I went home late that evening and was surprised to find the light at the living room was on. I was heading to my room when my ears caught a beautiful soft familiar voice scolding me.
"Why are you late? Do you know I cooked some dinner for us? It is already cold!" I was lulled for a couple of seconds to find her standing in front of the kitchen with hands akimbo. I studied her face for a long time, squinting at her sweet pony tail, her frown and her pouting lips. I refrained from looking at my watch just so that I might found myself dreaming. I later noticed a tiny plaster on her finger and asked, "What happened to your hand?"

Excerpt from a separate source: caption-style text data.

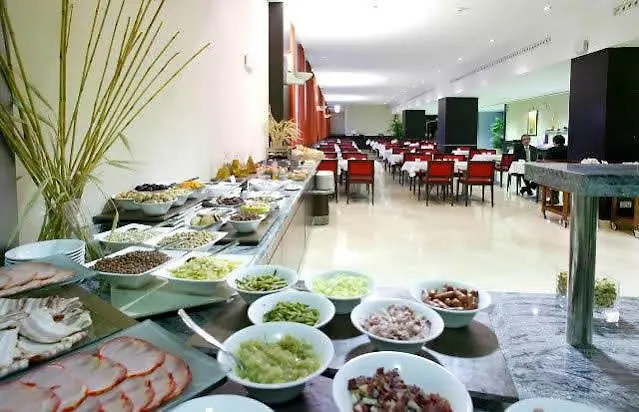 Monte Malaga Hotel Hiszpania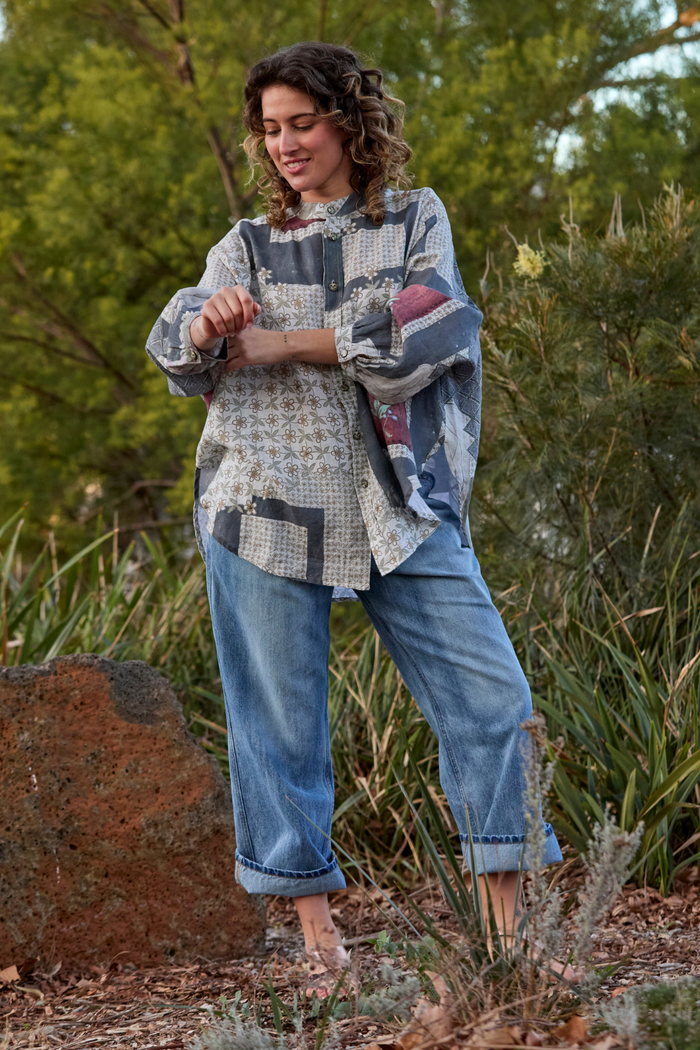 Circular by M.A.Dainty Potter Shirt Albums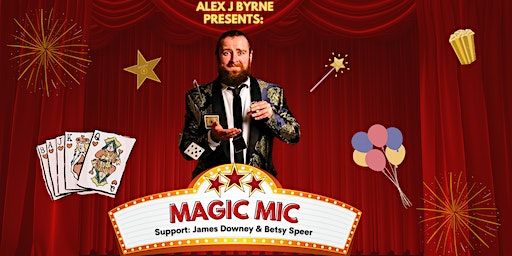 Magic Mic | The Deer's Head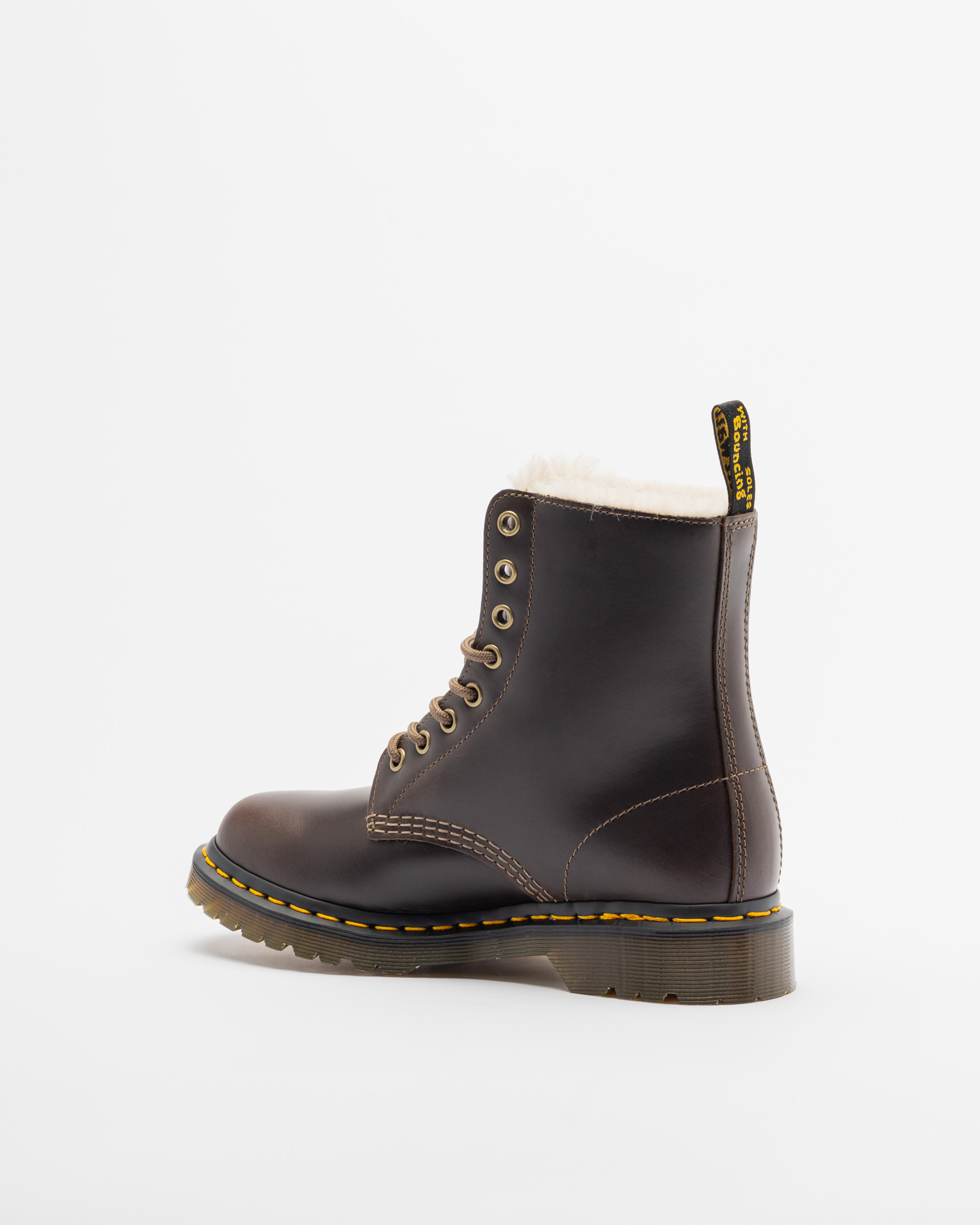 gevechtslaarzen Dr Martens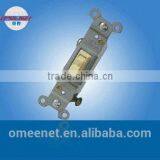 UL Approve 15A,120V High Quality Single Toggle Switch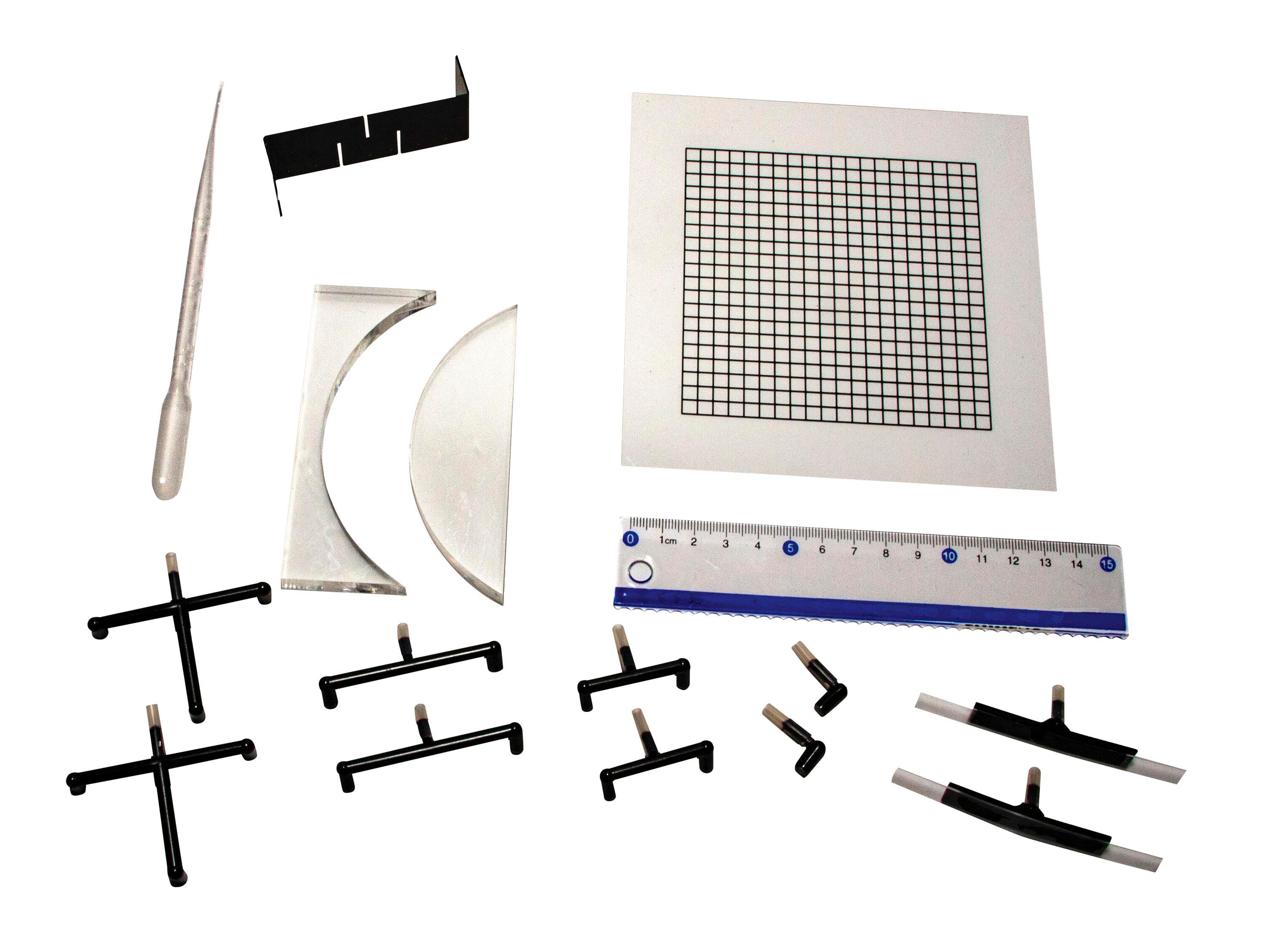 UNITED SCIENTIFIC ADVANCED PROJECTION RIPPLE TANK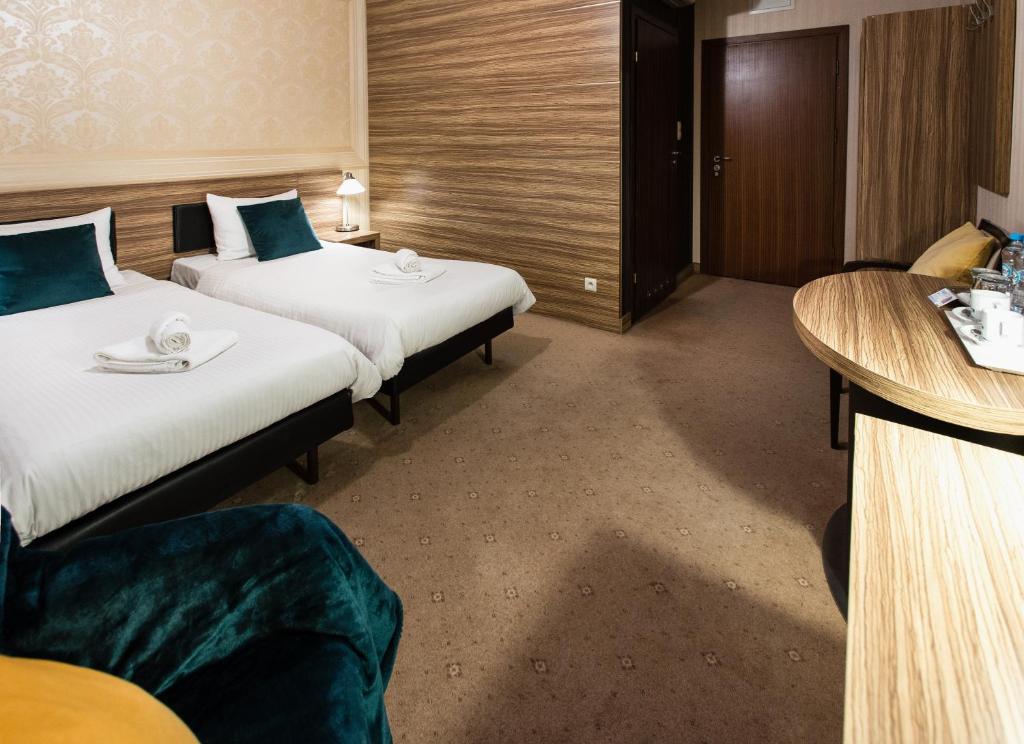 Hotel Iskierka Business & Spa photo 3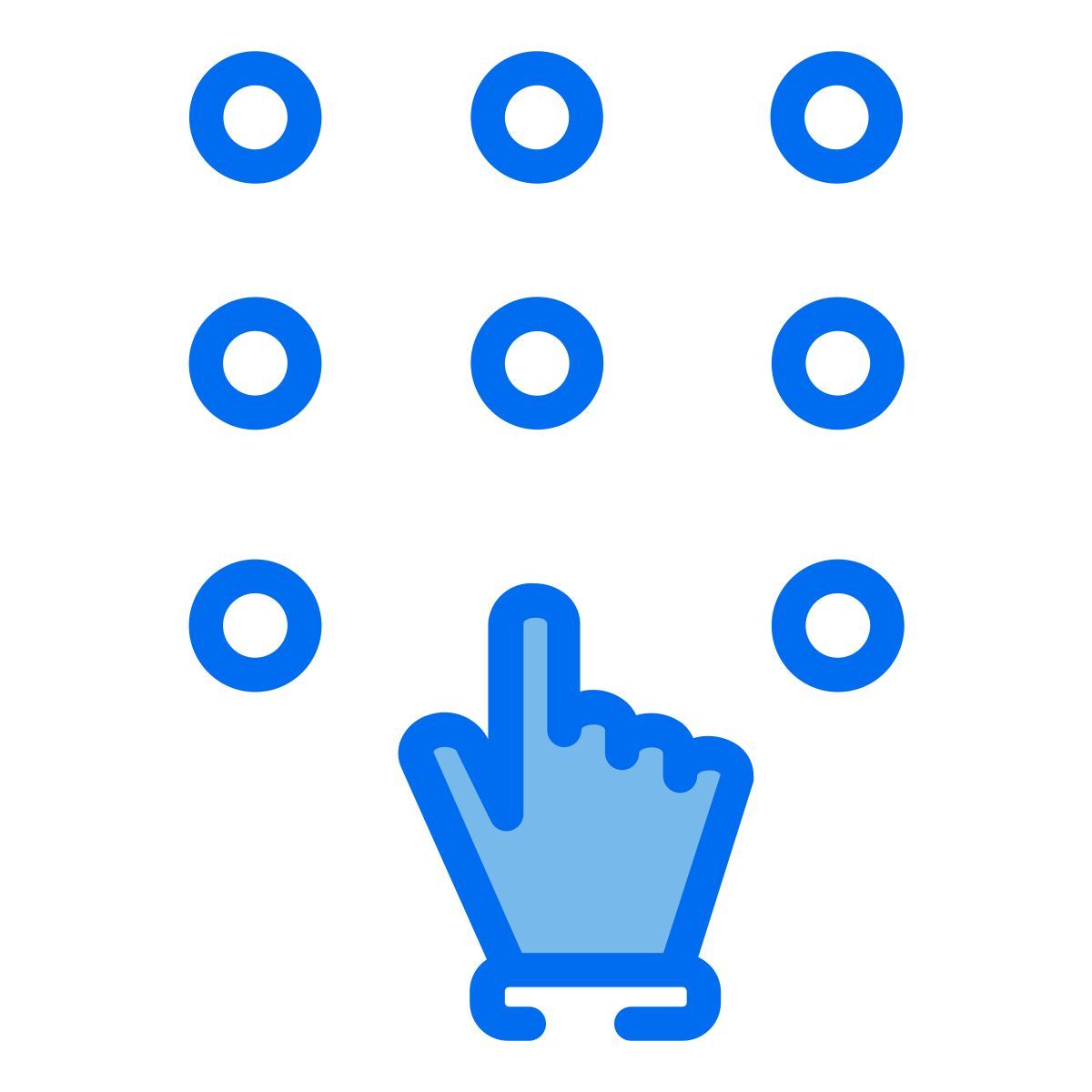 password icon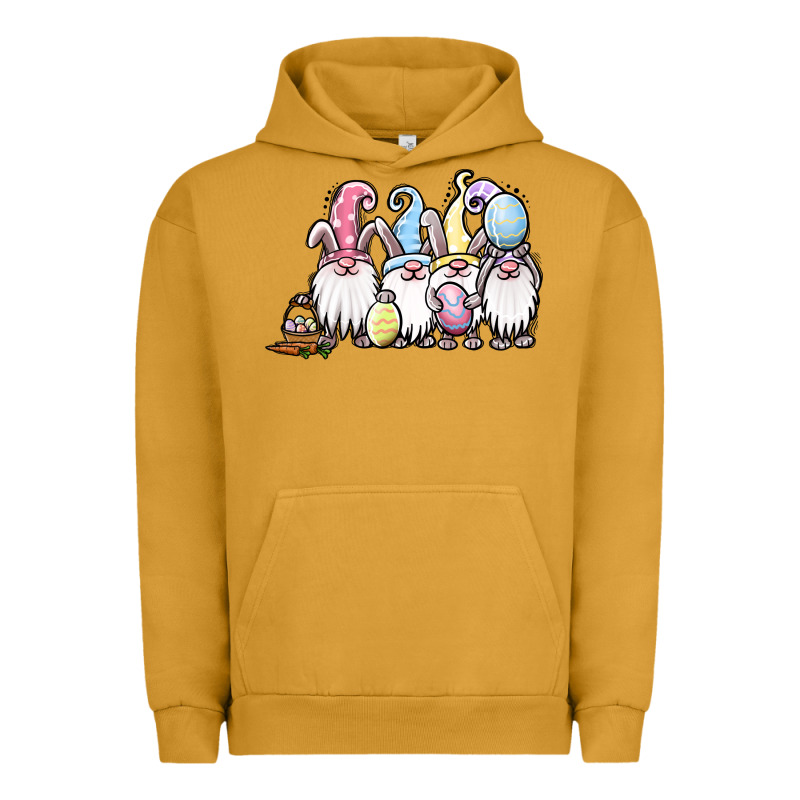 Easter Bunny Gnomes Urban Hoodie by Jasminsmagicworld | Teevron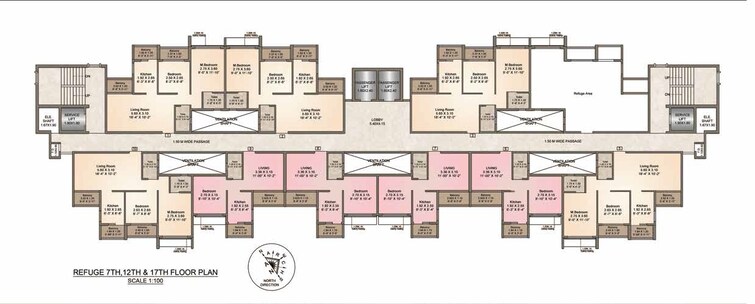 Konnark High Castle Floor Plans 1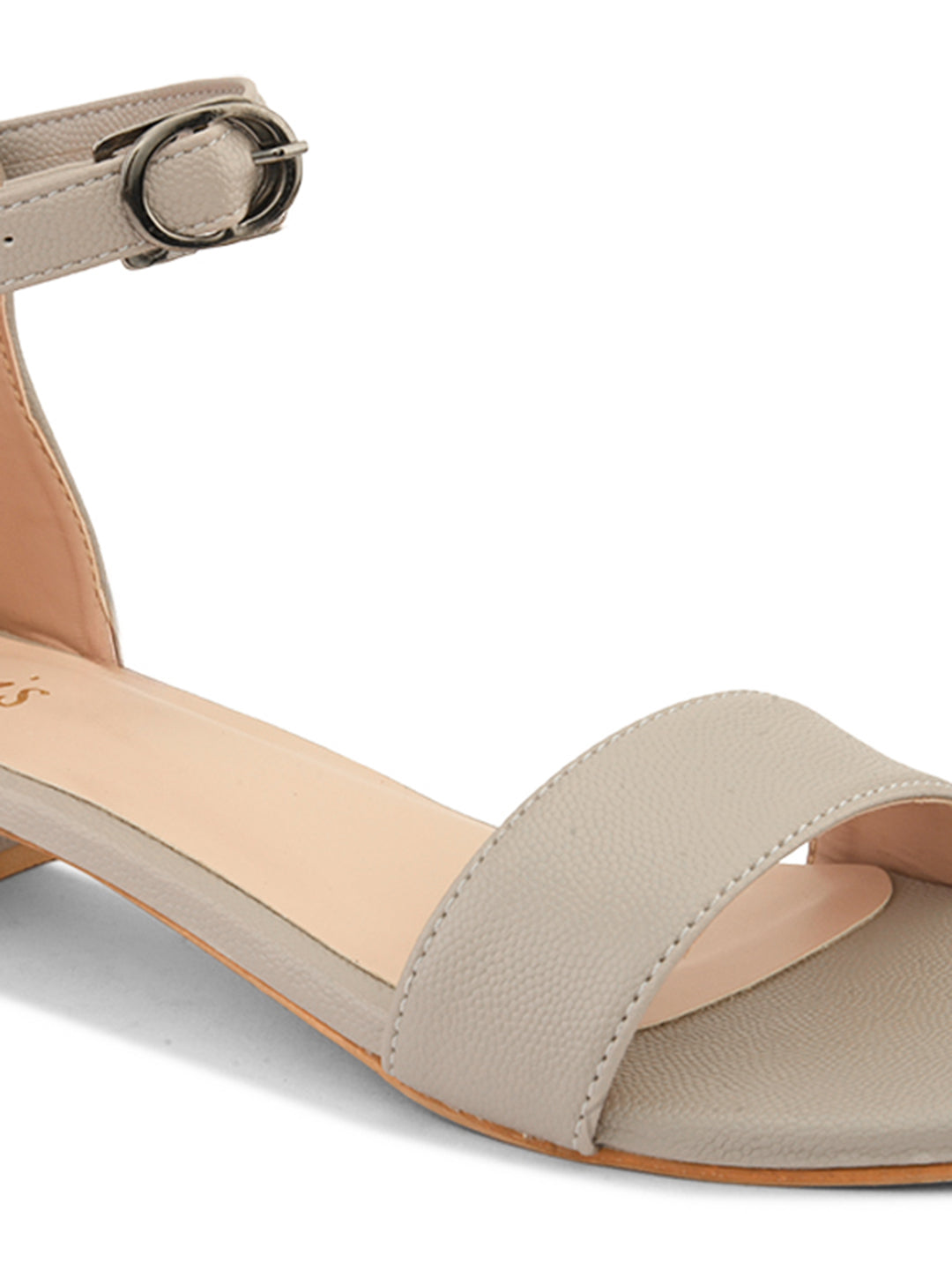 Ravis Ankle Strap Heel Sandals– Stylish & Comfortable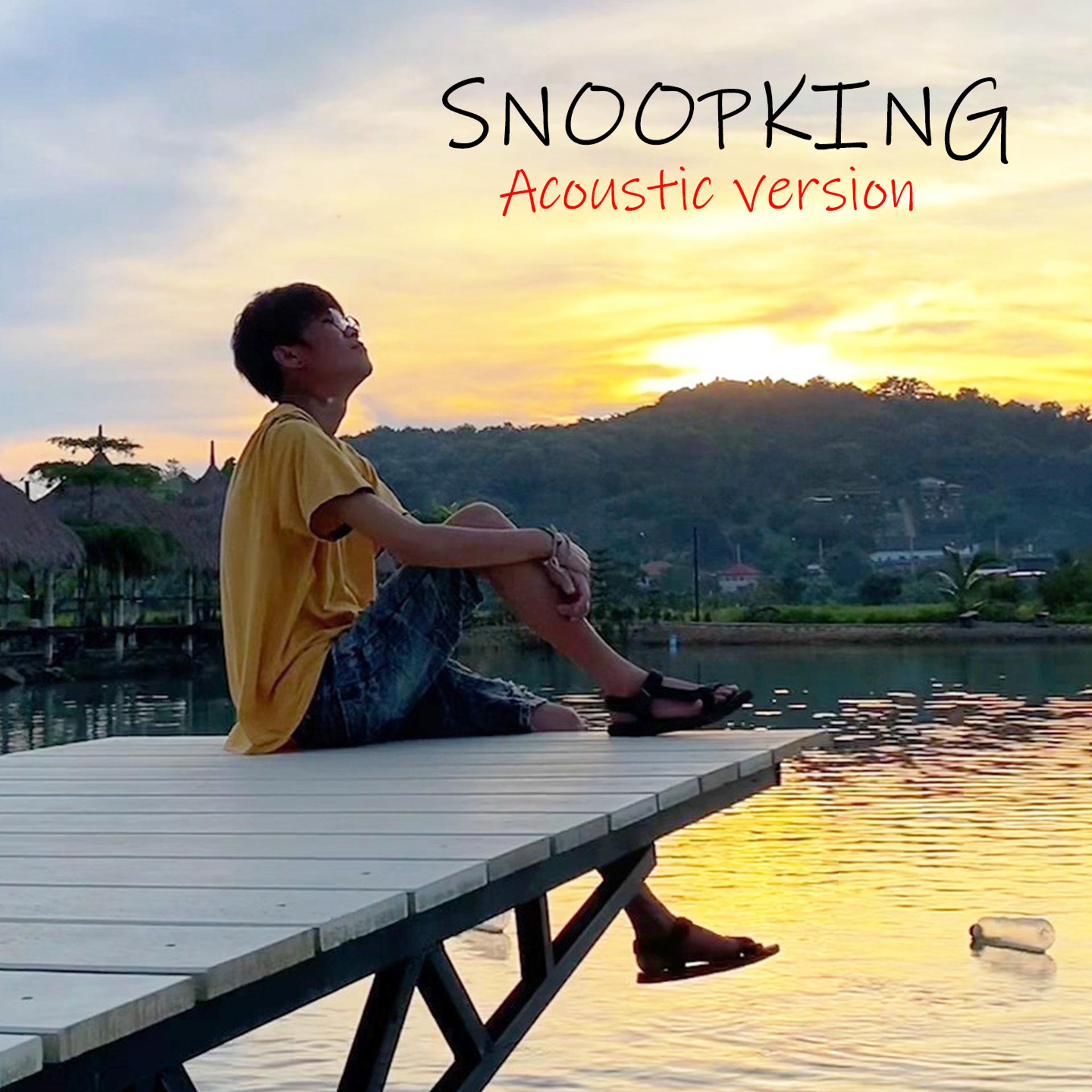 Постер альбома SNOOPKING - Acoustic Rap Version 2024 #1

"I hurt myself in the lab. My friend has helped me with this, so don't worry," came the answer. I wasted no time and grabbed her, hugged and kissed her with tears in my eyes. She didn't walk away from me, didn't refuse me, didn't pretend that I wasn't there. She stood still and then slowly and willingly so… hugged me back.
"I just want to say that I love you, Nia. I love you so much and do you know?"
"I do not have a million to give for charity!"
At that time, I think, I saw the little boy in his mother's arm. She hugged him tightly and cried just to hear a simple phrase from him- Mother, I'm home!